Bio
Professor Kim writes and teaches in the areas of family law, comparative private law, and feminist legal theory.
Her work is organized around two primary lines of inquiry. The first explores the relationship between economic inequality and family law in the U.S. In a recent article, she argues that the legal recognition of “functional parents”—an approach often lauded for promoting inclusivity—has unintended costs for poor and racialized families.
Her second line of research examines the history of legal thought in South Korea as part of the global genealogy of legal knowledge, with a specific focus on family, sex, and gender law. Her scholarship has traced competing ideas and legal developments in Korean private law, which evolved through legal transplants from Germany to Japan to Korea.
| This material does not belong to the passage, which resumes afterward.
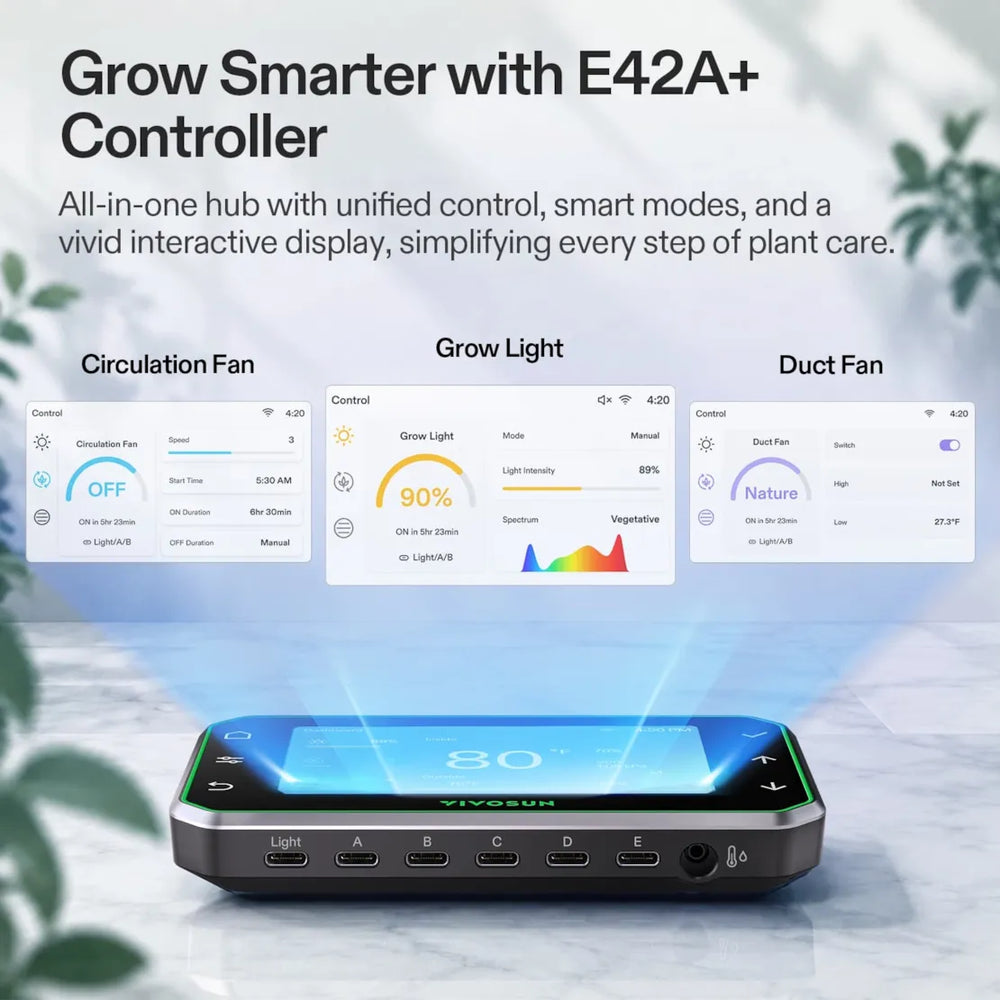 Vivosun 2x2 Smart Grow Tent Kit Pro – AeroLight Gen2 120W & GrowHub E42A+  features of the E42A plus controller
She analyzes how these ideas continue to shape contemporary legal discourses in Korea, including the debate on same-sex marriage. Her current project investigates the history of Korean legal feminism since the mid-20th century. This project conceptualizes the rise and fall of three distinct legal feminisms, each shaped by globalizing legal and feminist ideas and the shifting Korean political economy.
Professor Kim holds an S.J.D. and an LL.M. from Harvard Law School, where she was twice awarded the Yong K. Kim ’95 Memorial Writing Prize. Prior to her doctoral studies, she practiced at the Seoul-based law firm Lee & Ko after receiving her J.D. from Seoul National University School of Law.